Nous savons depuis l’époque d’Apollo que la Lune a une activité sismique. Mais contrairement à la Terre, la majeure partie de son activité est liée aux forces de marée et aux minuscules impacts de météorites. La majeure partie de son activité sismique est également plus faible et beaucoup plus profonde que celle de la Terre. Cela a attiré l’attention des chercheurs développant l’antenne lunaire à ondes gravitationnelles (LGWA).

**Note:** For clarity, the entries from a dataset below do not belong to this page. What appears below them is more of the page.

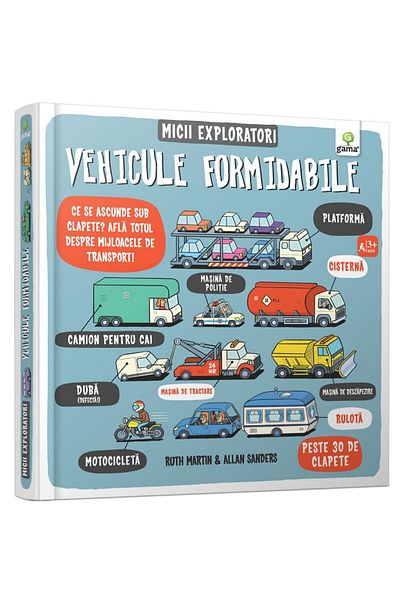 Gama Micii exploratori - Vehicule minunate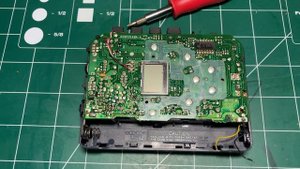 Panasonic RQ CR07V Portable Cassette Player Repair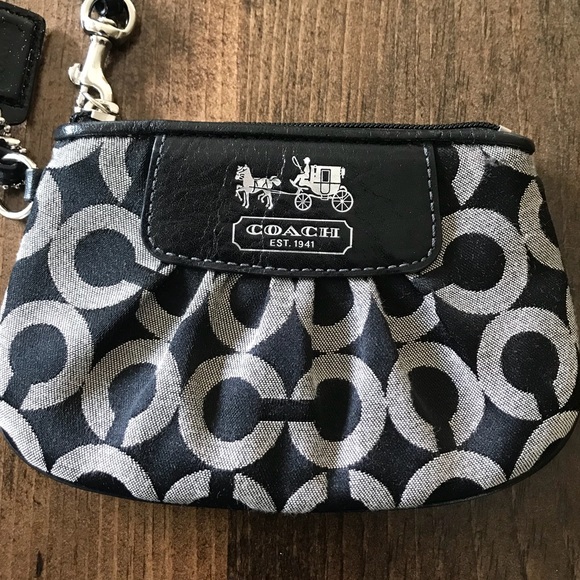 Coach Handbags - Coach Authentic Wristlet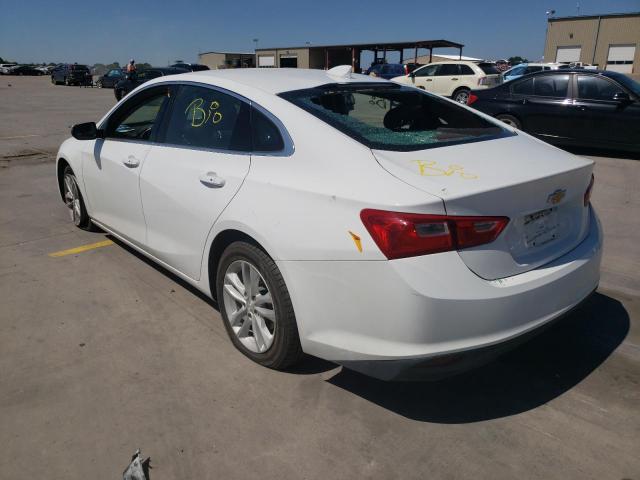Photo 3 from auction – 2018 CHEVROLET MALIBU LT with VIN 1G1ZD5ST6JF243903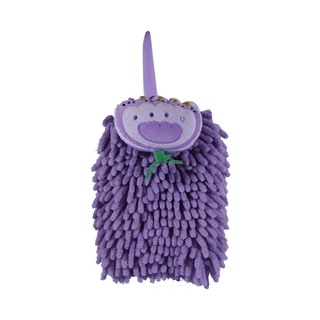 MGOU Cute Animal Hanging Hand Towel C4211 Orange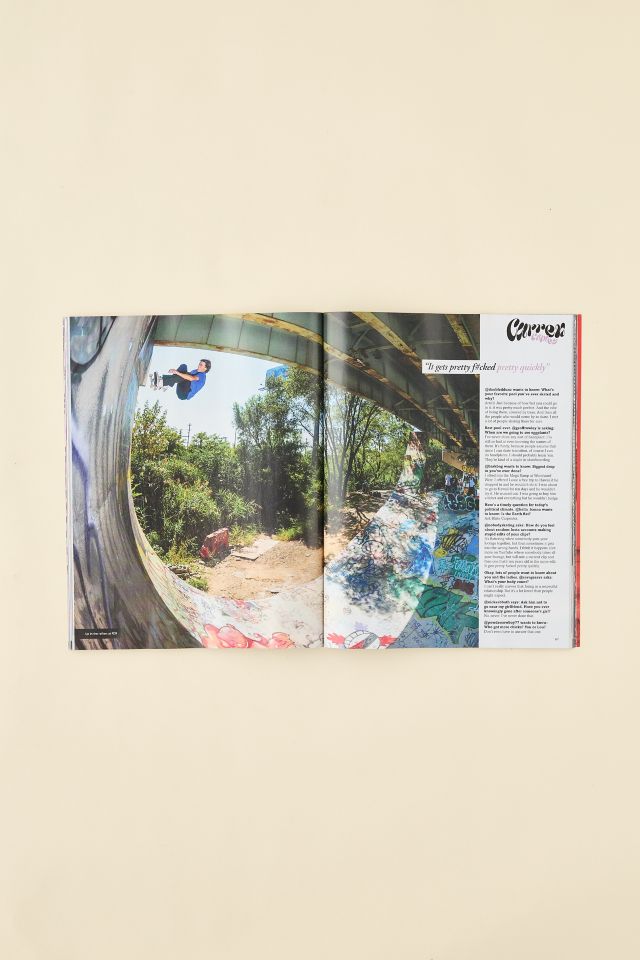 Thrasher Magazine: August 2025 Issue #3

Les développeurs de la LGWA ont rédigé un nouveau papier« L’antenne à ondes gravitationnelles lunaires : études de mission et cas scientifique », et l’a publié sur le arXiv serveur de préimpression. L’auteur principal est Parameswaran Ajith, physicien/astrophysicien du Centre international des sciences théoriques, Institut Tata de recherche fondamentale, Bangalore, Inde. Ajith est également membre de la collaboration scientifique LIGO.
Un observatoire d’ondes gravitationnelles (GWO) sur la Lune comblerait une lacune dans la couverture des fréquences.
« Compte tenu de la taille de la Lune et du bruit attendu produit par le fond sismique lunaire, le LGWA serait capable d’observer des GW d’environ 1 MHz à 1 Hz », écrivent les auteurs. « Cela ferait du LGWA le chaînon manquant entre les détecteurs spatiaux comme LISA avec des sensibilités maximales de l’ordre de quelques millihertz et les futurs détecteurs terrestres proposés comme le télescope Einstein ou le Cosmic Explorer. »
S’il est construit, le LGWA consisterait en un ensemble de détecteurs à l’échelle planétaire. Les conditions uniques de la Lune permettront à la LGWA d’ouvrir une plus grande fenêtre sur la science des ondes gravitationnelles. La lune a une activité sismique de fond extrêmement faible, que les auteurs décrivent comme un « silence sismique ». L’absence de bruit de fond permettra des détections plus sensibles.
La Lune a également des températures extrêmement basses à l’intérieur de ses régions d’ombre permanente (PSR). Les détecteurs doivent être surrefroidis, et les températures froides dans les PSR facilitent cette tâche. Le LGWA serait composé de quatre détecteurs situés dans un cratère PSR situé à l’un des pôles lunaires.
La LGWA est une idée ambitieuse dont les retombées scientifiques pourraient changer la donne. Associée à des télescopes observant tout le spectre électromagnétique et à des détecteurs de neutrinos et de rayons cosmiques (appelée astronomie multi-messagers), elle pourrait faire progresser notre compréhension d’une multitude d’événements cosmiques.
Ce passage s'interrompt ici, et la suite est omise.